New York State In-depth

Federal Reserve reduces balance sheet –

Investors are watching the central bank as the aftermath of Jackson Hole continues its ripple effect through markets. The Federal Reserve will this week accelerate the rate of its quantitative tightening program (QT). The move is a shocking change from the bond buying of the pandemic, which saw the central bank nearly increase its balance sheet to nearly $9 trillion from $4.2T in the last two years.

Bigger picture: QT is an opaque method of tightening financial conditions. This is in contrast to the Fed’s huge rate hikes that have attracted investor attention. The central bank isn’t selling its Treasury holdings, but instead permitting them to mature to reduce its balance sheets. After an unsteady start, monthly caps for selling Treasuries or mortgage-backed securities will rise to $60 billion and $35 billion respectively, as compared to the peak combined rate at $50B in 2017-2019.

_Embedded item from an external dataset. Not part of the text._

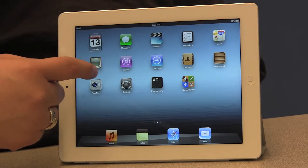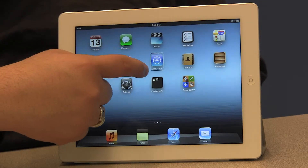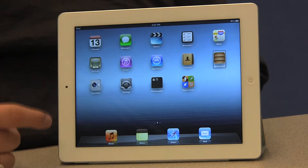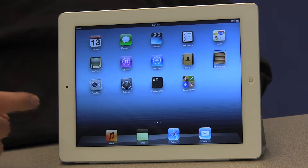Just the tip of my pointer finger will be touching the screen and I'm just sliding my finger. I'm not really pushing down, not really pressing anything on the screen. I'm just sliding my finger across the screen.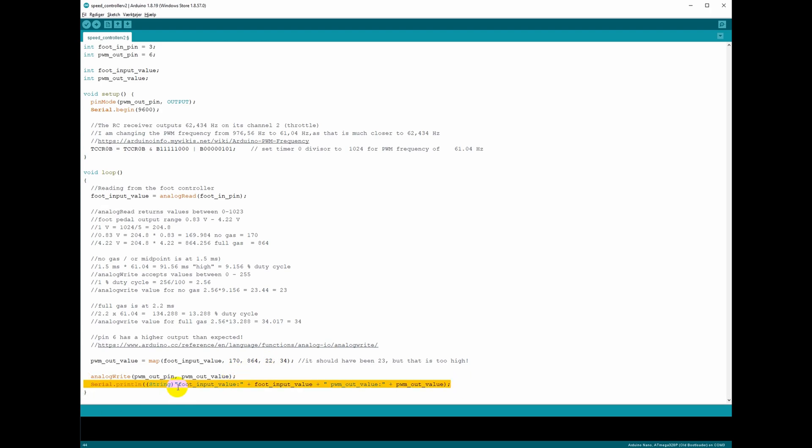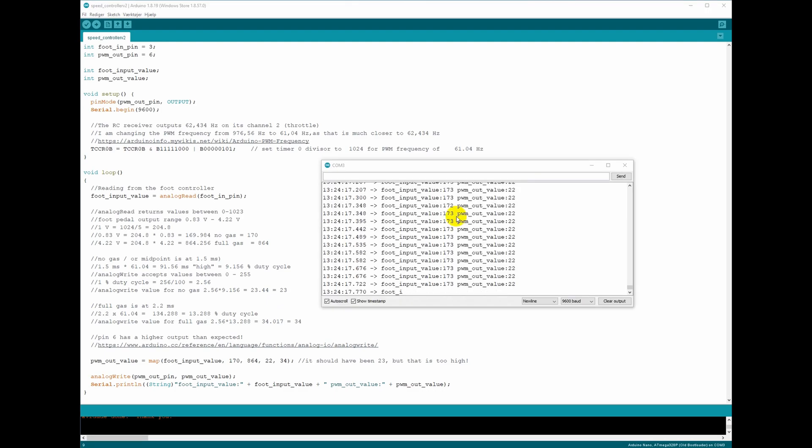Finally I'm just printing my input and output values, which has been very useful during development. Let's see it in action. I've opened the serial monitor and right now I'm not touching the pedal — it reads 173 where we expected 170, with output 22. Pretty good. Now I'll slowly press the pedal down: 426, 527, and squeezing it down... 866, output 34. Easing back a bit — yeah, this seems pretty good, it works as intended.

While the whole thing is a complex accounting process that includes redemption caps and settlement windows, it reduces reserves in banks and takes money out of the financial system. After the turmoil in the repo markets caused the early termination of the QT program in the year of 2019 Some precautions were taken like the Standing Repo Facility. The new facility will allow primary dealers to borrow additional reserves from the Fed against collateral of high-quality However, some experts warn that it might not be enough to stave off liquidity issues, and could interfere with Chair Powell’s plans to increase rates and bring inflation under control.